Yıllarını konut sektöründe geçirmiş biri olarak gönül rahatlığıyla şunu söyleyebilirim ki; devir “Dikili bir ağacınız olmasın” devri. Konutların bugünkü fiyatlarıyla konut alınmaz, yeni bir eve kiraya çıkılmaz (Deprem riski olmayan durumlarda elbette). Devir küçülme devri. Dönem bekleme dönemi. Eğer diyorsanız ki, evim depreme dayanıklı değil eninde sonunda çıkmam gerekecek, o zaman size gelecek hafta 1 milyonun altında konut nereden ve nasıl alınır’ı yazıyor olacağım, bekleyiniz.

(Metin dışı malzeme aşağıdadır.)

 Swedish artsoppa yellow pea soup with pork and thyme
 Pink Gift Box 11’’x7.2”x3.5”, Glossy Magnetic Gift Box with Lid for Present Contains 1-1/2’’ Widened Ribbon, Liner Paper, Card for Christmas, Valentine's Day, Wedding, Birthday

“Zengini fakirden ayıran mesafe her geçen gün artıyor, sefalet daha da dayanılmaz hale geliyor ve nefret daha da kesinleşiyor.” L.S. Marcier

İstanbul’da nereye yatırım yapılmaz?

Topraktan satılan projelere yatırım yapılmaz. Doların en çok etkilediği sektörlerden biri inşaat olduğu için önümüzdeki günlerde çok sayıda iflas haberi bekliyorum.

İstanbul’da nereye yatırım yapılır?

Eski ilçelerdeki eski konutlarda hâlâ yatırım fırsatları var. Örneğin kira çarpanı açısından en iyi bölgelerden biri Samatya. Bu bölgeye muazzam bir talep var. Öğrenciler, yabancı turistler bu bölgede hem ucuz hem merkezi konaklama imkanı buldukları için Samatya’da evler hiç boş kalmıyor. Bu bölgede 20 yılda amorti edilebilecek konut bulmak hâlâ mümkün.

Nereye kaçsak?

Ne için kaçacağınıza karar verin. Ben derim ki, nihai bir yerleşim için kaçmayı düşünüyorsanız mutlaka önce o bölgede dört mevsimi geçirin. Sonra da arsa alın. Hatta mümkünse arazi alın ve üzerine prefabrik veya hafif çelik bir ev yerleştirin. Arsa maliyeti hariç 100 metrekarelik bir evi 100 bin TL’den başlayan, maksimum 300 bin TL’ye varan prefabrik evler bulmak mümkün. Bu evlerin çeşitlerini, iyisini nereden nasıl alacağınızı da bir sonraki yazımda anlatacağım.